The Mavs are in a pinch at the 2-guard, with an assortment of talented players … who have one or two talents. Until youngsters Roddy Beaubois and Dominique Jones return and develop, respectively, Dallas is stuck playing guys with limited dimensions. Jason Terry started the first five games and averaged 19 points a game; that's his dimension.
But last Saturday, coach Rick Carlisle informed Stevenson – who has 428 career starts but has barely removed his warm-ups this season – that he might be a first-teamer against the visiting Celtics.
"And that's when I decided I would turn serious,'' Stevenson tells DB.com. "In a way, my role (on the end of the bench) is to have fun and keep things loose and be kind of a fun guy. If I wasn't allowed to do that, I'd go a little crazy.''
But Stevenson was all game-face in the time leading up to the 89-87 win over the Celtics, a performance in which he played 14 minutes, limited Ray Allen to 11 points, and even hit a couple of first-quarter 3's himself.
"Ray is a terrific shooter, so I tried to make him put on the floor,'' says Stevenson, who in his day (with Washington before last February's trade to Dallas in which he was a "baggage'' throw-in) has been commonly called upon to guard Hall-of-Fame scorers like Allen. "Hey, it's not like I haven't done some of this before.''
Stevenson believes that the alteration of him as a starter and Jet as the sixth man is a winning formula.
"Jet has been playing awesome starting, but coming off the bench he gives us a scorer and a veteran that knows the offense and plays well," Stevenson said. "I think me and Jet did an awesome job."

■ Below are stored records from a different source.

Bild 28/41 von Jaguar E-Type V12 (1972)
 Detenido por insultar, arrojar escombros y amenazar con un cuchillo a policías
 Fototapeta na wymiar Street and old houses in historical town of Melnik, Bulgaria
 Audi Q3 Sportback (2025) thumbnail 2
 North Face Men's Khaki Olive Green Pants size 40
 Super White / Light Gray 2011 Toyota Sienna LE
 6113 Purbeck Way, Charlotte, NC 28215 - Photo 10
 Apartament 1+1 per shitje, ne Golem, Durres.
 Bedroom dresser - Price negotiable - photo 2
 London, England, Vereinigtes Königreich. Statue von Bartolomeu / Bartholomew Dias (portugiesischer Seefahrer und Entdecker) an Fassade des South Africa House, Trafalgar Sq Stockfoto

But that's probably not the way this is going to work. Coach Rick Carlisle likes to preach a "Be Ready'' mindset to his players and likes to keep his lineup plans private. So maybe DeShawn starts again on Wednesday in Memphis for the 4-2 Mavs. Maybe Caron Butler's back spasms allow him another shot in another way. Or maybe he gets to return to the end of the bench – where before Monday he'd spend all but two minutes of this season -- to be "crazy.''
"Whatever, I'm crazy-happy right now,'' he tells me.
And the other guys in the locker room are crazy-happy right back.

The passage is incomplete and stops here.